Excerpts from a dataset
################
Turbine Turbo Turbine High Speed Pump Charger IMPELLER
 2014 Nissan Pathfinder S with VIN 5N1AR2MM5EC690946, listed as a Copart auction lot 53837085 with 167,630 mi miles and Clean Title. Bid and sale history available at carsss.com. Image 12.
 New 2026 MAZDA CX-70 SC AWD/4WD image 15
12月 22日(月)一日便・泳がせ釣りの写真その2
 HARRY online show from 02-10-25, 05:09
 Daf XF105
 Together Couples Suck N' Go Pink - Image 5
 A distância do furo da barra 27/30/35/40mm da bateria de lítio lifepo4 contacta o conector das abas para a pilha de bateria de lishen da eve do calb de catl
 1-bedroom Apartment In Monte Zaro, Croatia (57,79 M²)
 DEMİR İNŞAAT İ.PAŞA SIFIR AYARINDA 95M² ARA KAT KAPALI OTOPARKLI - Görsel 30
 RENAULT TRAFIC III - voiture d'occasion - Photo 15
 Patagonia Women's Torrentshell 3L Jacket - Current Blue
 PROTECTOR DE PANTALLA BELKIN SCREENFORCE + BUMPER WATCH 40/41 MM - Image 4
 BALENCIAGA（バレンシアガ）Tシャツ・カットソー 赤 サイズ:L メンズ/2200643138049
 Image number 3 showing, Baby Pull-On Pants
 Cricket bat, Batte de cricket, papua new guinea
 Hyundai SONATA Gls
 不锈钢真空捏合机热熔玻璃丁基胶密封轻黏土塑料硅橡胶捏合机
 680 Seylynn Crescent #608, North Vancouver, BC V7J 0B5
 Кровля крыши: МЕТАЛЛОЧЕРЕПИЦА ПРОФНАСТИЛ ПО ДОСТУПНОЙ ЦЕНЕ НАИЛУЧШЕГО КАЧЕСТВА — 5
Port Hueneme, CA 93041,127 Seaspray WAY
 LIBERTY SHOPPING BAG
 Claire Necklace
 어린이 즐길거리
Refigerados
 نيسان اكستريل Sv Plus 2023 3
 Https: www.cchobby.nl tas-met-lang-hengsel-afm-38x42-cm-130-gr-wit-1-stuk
################
**EXERCISE**
Looking at the entries above, can you reproduce exactly the lines from the one that holds "Together Couples Suck N' Go Pink - Image 5" through the one that holds "LIBERTY SHOPPING BAG", and only those?

**ANSWER TO THIS PROBLEM**
 Together Couples Suck N' Go Pink - Image 5
 A distância do furo da barra 27/30/35/40mm da bateria de lítio lifepo4 contacta o conector das abas para a pilha de bateria de lishen da eve do calb de catl
 1-bedroom Apartment In Monte Zaro, Croatia (57,79 M²)
 DEMİR İNŞAAT İ.PAŞA SIFIR AYARINDA 95M² ARA KAT KAPALI OTOPARKLI - Görsel 30
 RENAULT TRAFIC III - voiture d'occasion - Photo 15
 Patagonia Women's Torrentshell 3L Jacket - Current Blue
 PROTECTOR DE PANTALLA BELKIN SCREENFORCE + BUMPER WATCH 40/41 MM - Image 4
 BALENCIAGA（バレンシアガ）Tシャツ・カットソー 赤 サイズ:L メンズ/2200643138049
 Image number 3 showing, Baby Pull-On Pants
 Cricket bat, Batte de cricket, papua new guinea
 Hyundai SONATA Gls
 不锈钢真空捏合机热熔玻璃丁基胶密封轻黏土塑料硅橡胶捏合机
 680 Seylynn Crescent #608, North Vancouver, BC V7J 0B5
 Кровля крыши: МЕТАЛЛОЧЕРЕПИЦА ПРОФНАСТИЛ ПО ДОСТУПНОЙ ЦЕНЕ НАИЛУЧШЕГО КАЧЕСТВА — 5
Port Hueneme, CA 93041,127 Seaspray WAY
 LIBERTY SHOPPING BAG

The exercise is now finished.